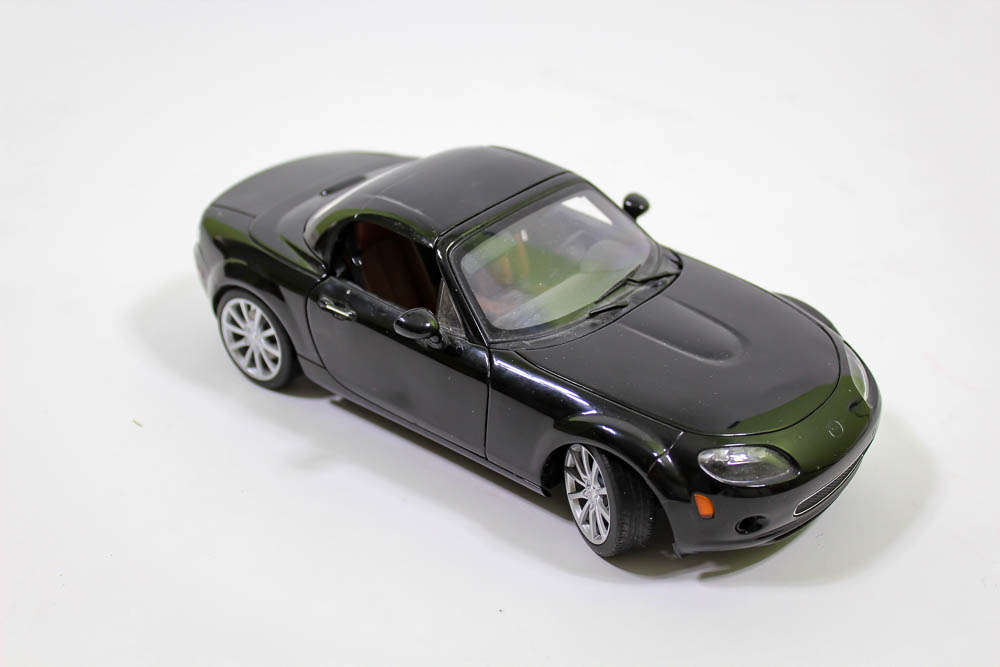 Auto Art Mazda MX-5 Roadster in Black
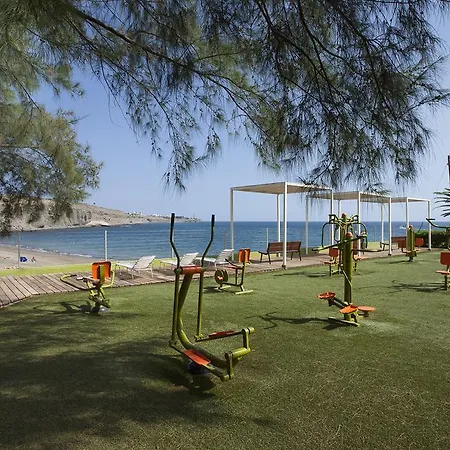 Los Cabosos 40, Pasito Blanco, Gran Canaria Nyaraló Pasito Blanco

---

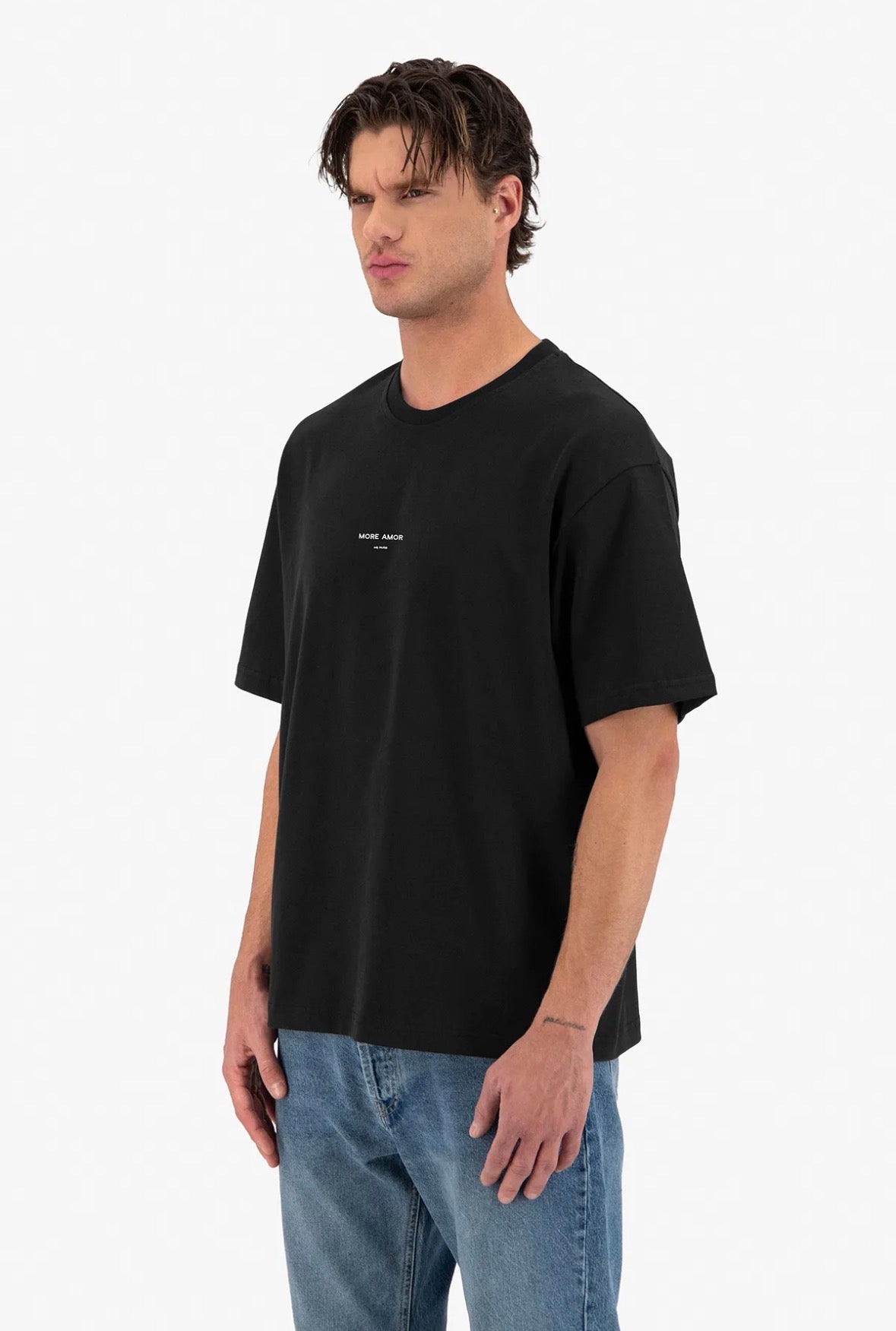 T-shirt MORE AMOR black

==

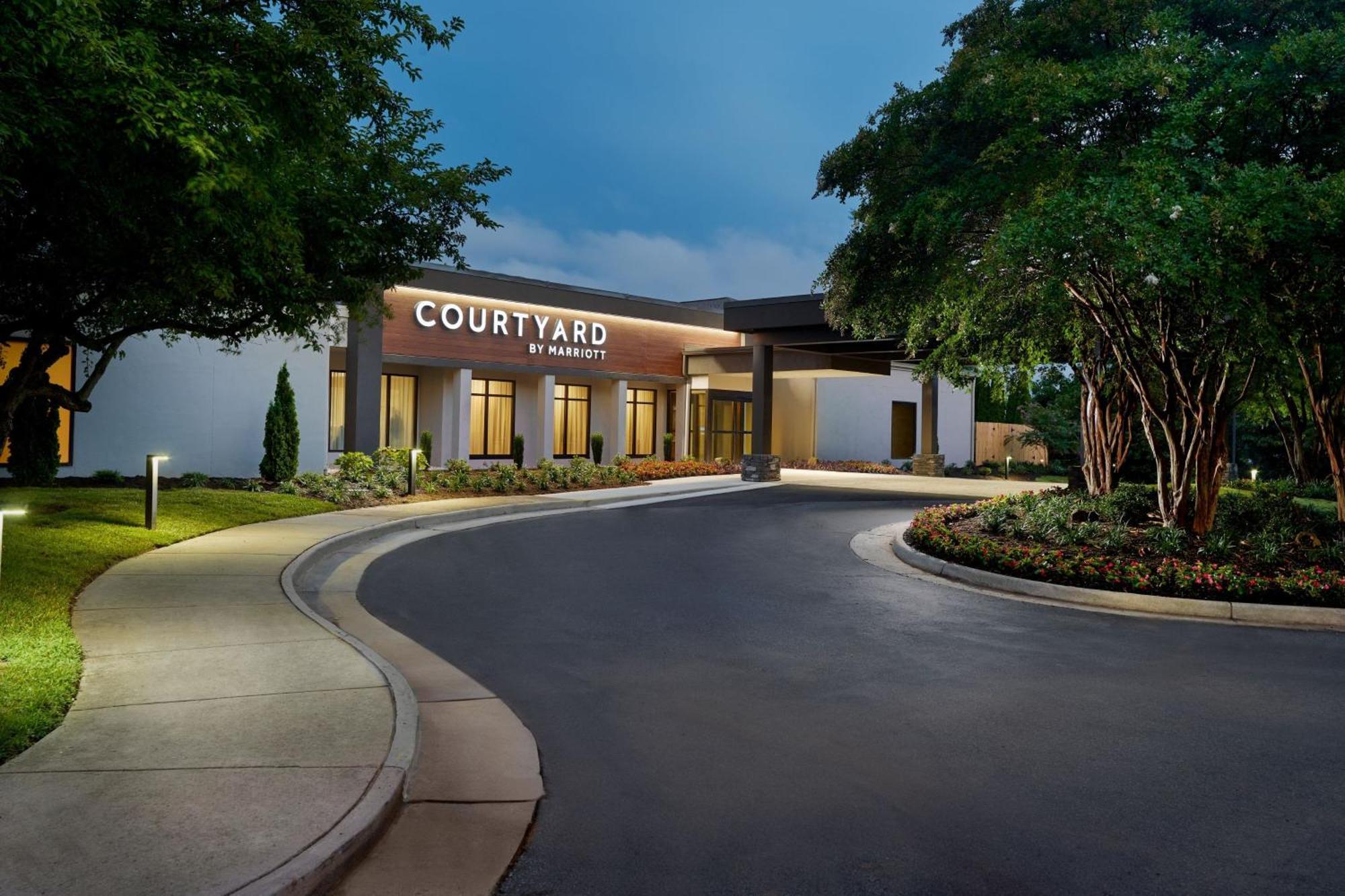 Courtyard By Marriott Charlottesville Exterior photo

## What the exercise asks
Leave out every picture, and copy exactly the lines above starting at the one holding "Auto Art Mazda MX-5 Roadster in Black" and ending at the one holding "Los Cabosos 40, Pasito", no more and no less.

## Task answer
 Auto Art Mazda MX-5 Roadster in Black
 Los Cabosos 40, Pasito Blanco, Gran Canaria Nyaraló Pasito Blanco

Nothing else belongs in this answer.